## Your objective
Only the lines below from the one containing "Traditional American Breakfast" through the one containing "Peugeot e-Expert 75" belong in the answer, set down exactly, with the pictures left out.

## Data for analysis
= = =
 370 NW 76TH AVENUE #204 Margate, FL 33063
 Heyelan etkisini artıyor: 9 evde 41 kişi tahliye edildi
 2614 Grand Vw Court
= = =
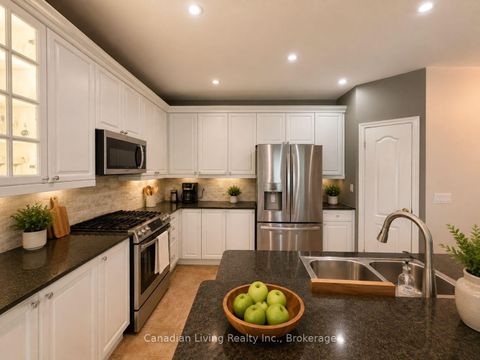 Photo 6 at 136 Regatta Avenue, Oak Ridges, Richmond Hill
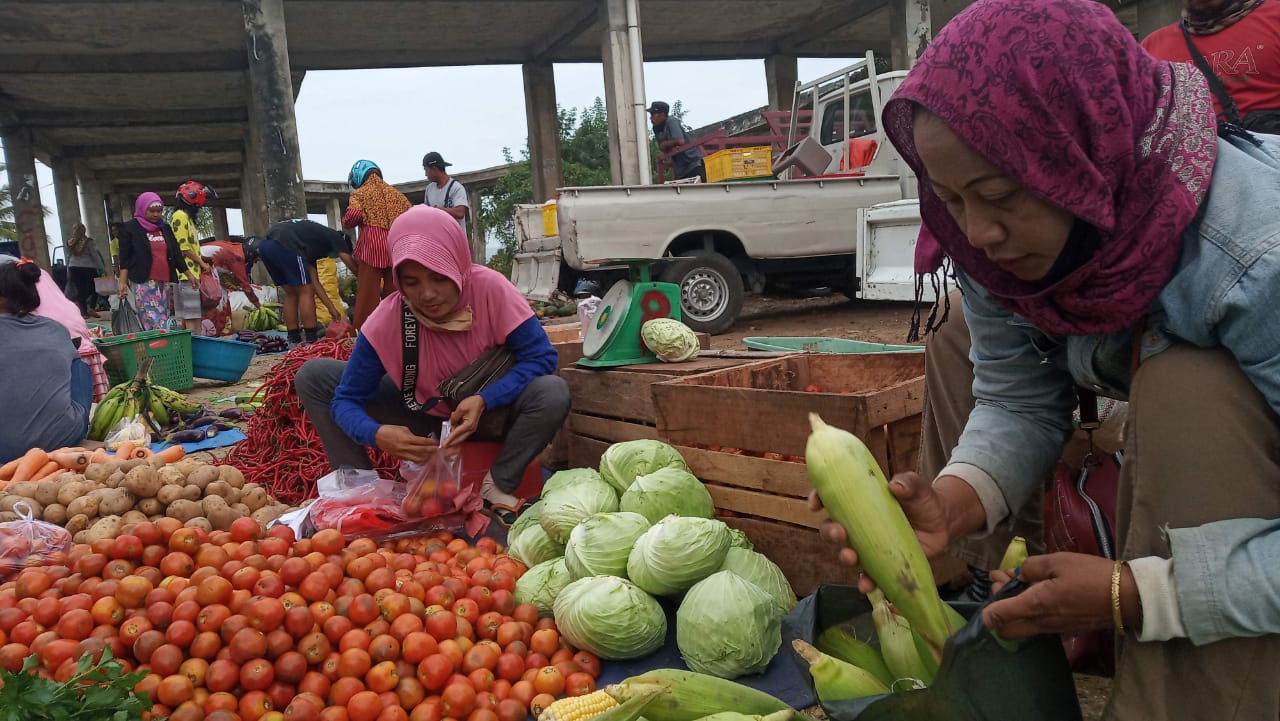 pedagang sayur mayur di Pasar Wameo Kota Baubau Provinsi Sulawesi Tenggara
= = =
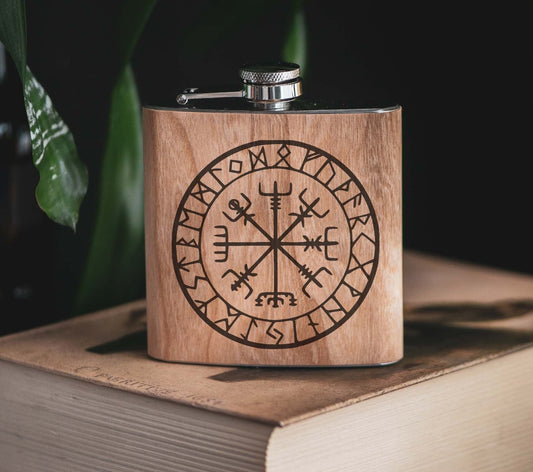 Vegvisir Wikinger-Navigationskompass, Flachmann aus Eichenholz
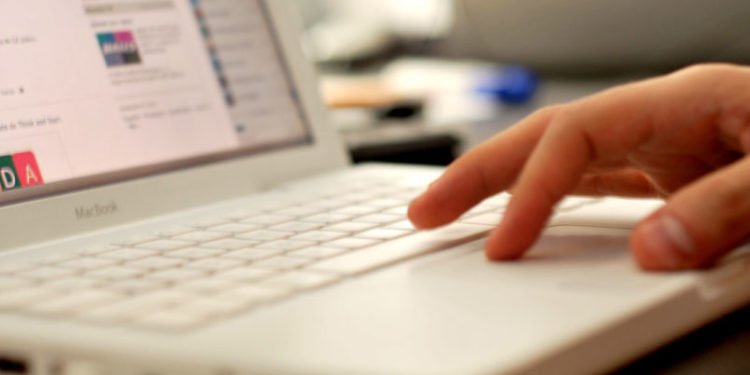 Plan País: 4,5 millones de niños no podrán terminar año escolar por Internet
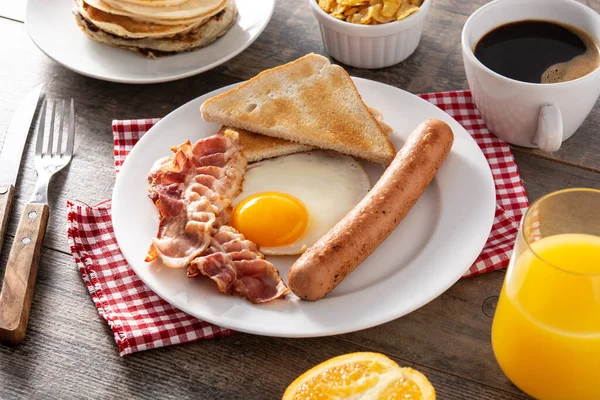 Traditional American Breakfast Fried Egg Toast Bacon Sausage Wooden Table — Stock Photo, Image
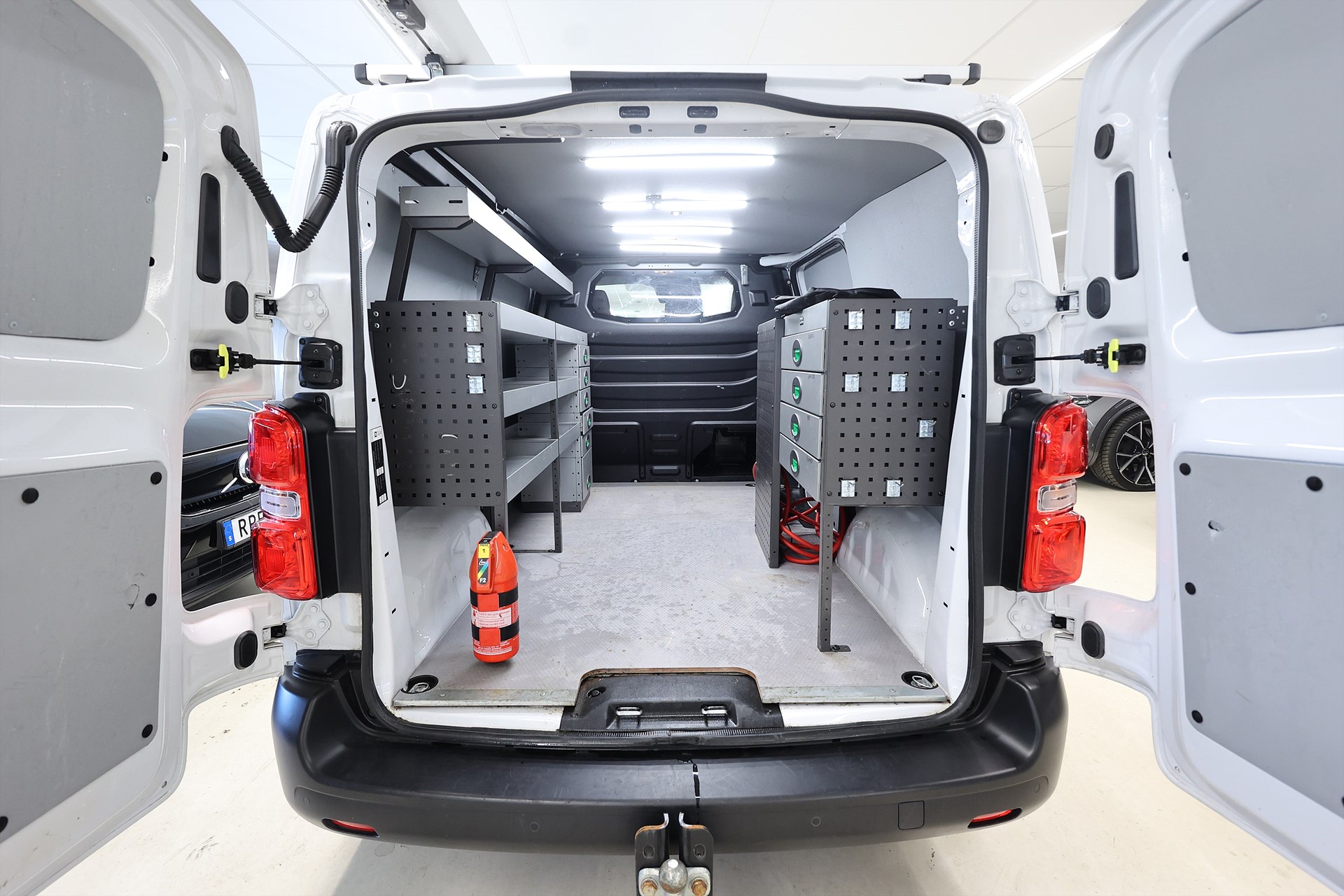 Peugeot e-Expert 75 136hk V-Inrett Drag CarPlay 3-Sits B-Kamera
= = =
## Exercise output
 Traditional American Breakfast Fried Egg Toast Bacon Sausage Wooden Table — Stock Photo, Image
 Peugeot e-Expert 75 136hk V-Inrett Drag CarPlay 3-Sits B-Kamera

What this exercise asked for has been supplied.